A measurement of a fundamental principle of the standard model of particle physics — lepton flavour universality — captured by the ATLAS detector at the Large Hadron Collider, is reported in a paper published in Nature Physics.

The findings supersede the long-standing result from the Large Electron–Positron Collider.

Our understanding of elementary particles — the building blocks of the Universe — and the electromagnetic, weak and strong fundamental forces that act between them, is formulated in the standard model of particle physics. In the theory, electrons, muons and τ leptons represent three varieties (or flavours) of an electrically charged type of elementary particle known as leptons. The standard model assumes that the strength of the couplings between leptons and the particles that mediate the weak force — known as ‘W’ or ‘Z’ electroweak gauge bosons — is independent of the lepton flavour. This long-held principle, known as lepton flavour universality, has recently been challenged by experiments at B-factories and at the LHC.

The ATLAS Collaboration – involving a global team of scientists including experts from Lancaster –studied whether this ‘universal truth’ holds true for the muon and the τ lepton in around half a million proton–proton collisions recorded with the ATLAS detector at the Large Hadron Collider. By examining decays of W bosons into τ leptons and muons and measuring the ratio of their decay rates, the authors were able to conclude that the weak force interacts with both types of lepton in the same way.

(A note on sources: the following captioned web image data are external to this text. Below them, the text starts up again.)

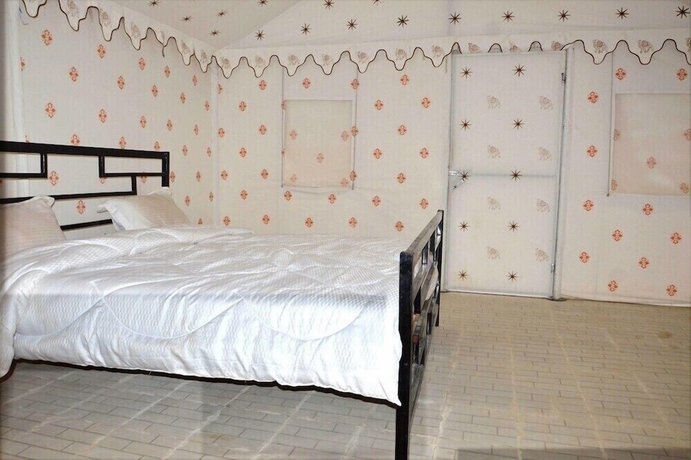 Imagen de la habitación del Hotel Thakur Ji Resort. Foto 12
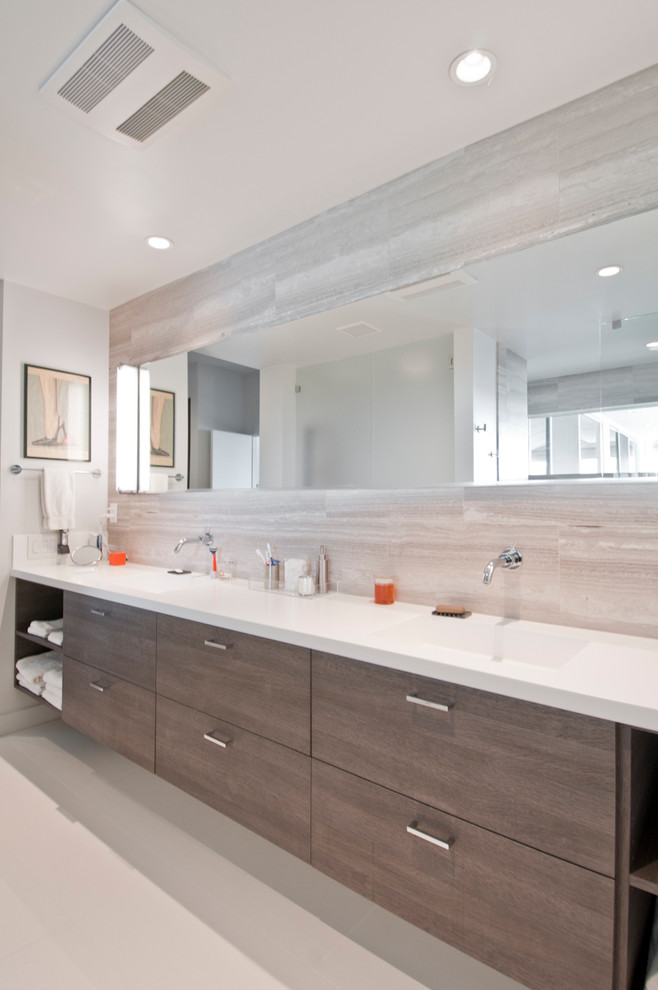 Large modern master bathroom in Los Angeles with flat-panel cabinets, brown cabinets, an open shower, gray tile, limestone, white walls, porcelain floors, an undermount sink, beige floor and an open shower.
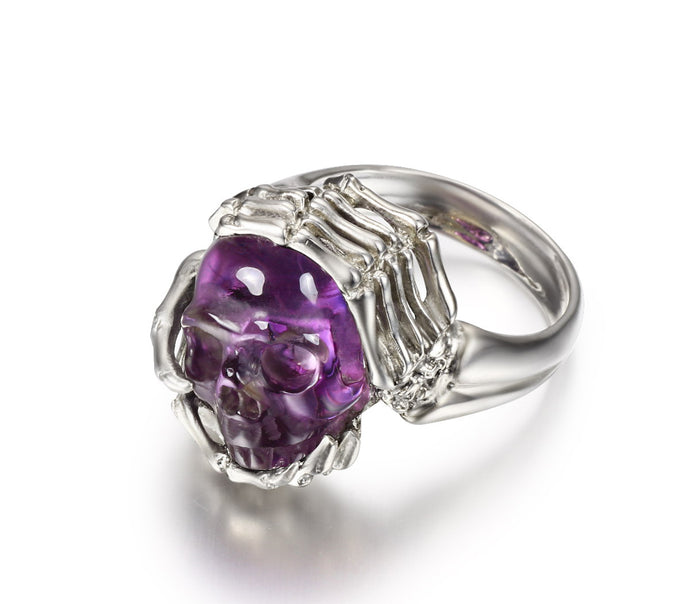 Remember Forever - Ring of Amethyst Carved Gemstone Crystal Skull in Sterling Silver Skeletal Hands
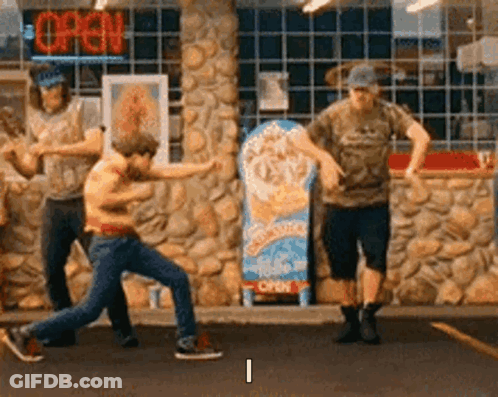A Group Of Men Are Dancing In Front Of A Store With An Open Sign . GIF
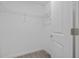 Walk-in closet featuring a clothing rack, base molding and soft carpet at 9069 Pinch Shot Dr, Winter Garden, FL 34787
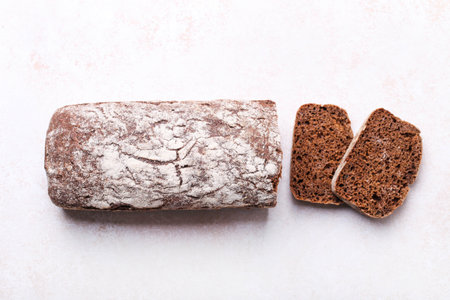 loaf of rye bread, cut into slices on white background.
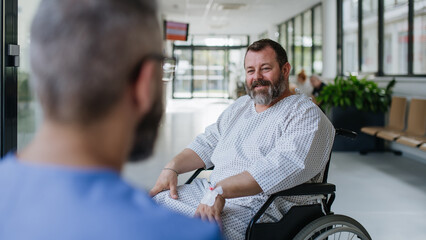 Close up of supportive doctor talking with worried overweight patient in wheelchair. Illnesses and diseases in middle-aged men's health. Compassionate physician supporting stressed patient. Concept of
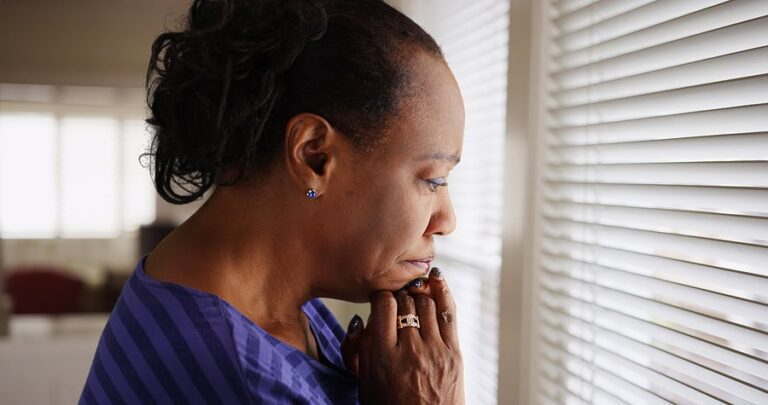 African American Female Looking Out Window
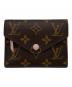 LOUIS VUITTON（ルイ ヴィトン）の古着「ボルトフォイユ・ヴィクトリーヌ」｜ブラウン×ピンク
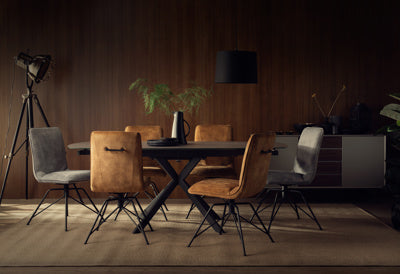 Baker Pair of Lola Dining Chairs upholstered in a grey poly velvet effect fabric, with swivel seat and black powder coated metal legs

This result from the ATLAS Collaboration is the most precise measurement to date, with almost twice the precision obtained from experiments at the Large Hadron Collider’s predecessor at CERN — the Large Electron–Positron Collider (LEP).

Lancaster University Physics Professor Guennadi Borissov said: “The measurements at LEP indicated that there may be a difference between the decays to different sorts of leptons. This intriguing hint of deviation from the standard model has been unconfirmed for about 20 years.Although our latest measurements do not back up the result of the LEP, it has been exciting to find a new and remarkably precise way to test this using the power of the Large Hadron Collider, with Lancaster being at the heart of each step of the analysis.”

Professor Roger Jones, head of the Lancaster ATLAS group, said: “Tests such as ours of fundamental theoretical assumptions are currently a hot area of research in particle physics. Recent results from the LHCb experiment, and very precise measurements of muons made by the g-2 collaboration (which also has Lancaster physicists in the team) have provided new hints that leptons may not all behave the same way as our theories predict.

“In contrast, new and very precise measurements show that in important ways the leptons really do behave the same way. It will be exciting to see if the hints from other experiments become clear evidence. If so, theories will have to account for our strong evidence for leptons behaving in the same way in the process we have studied and yet behaving differently in other processes.”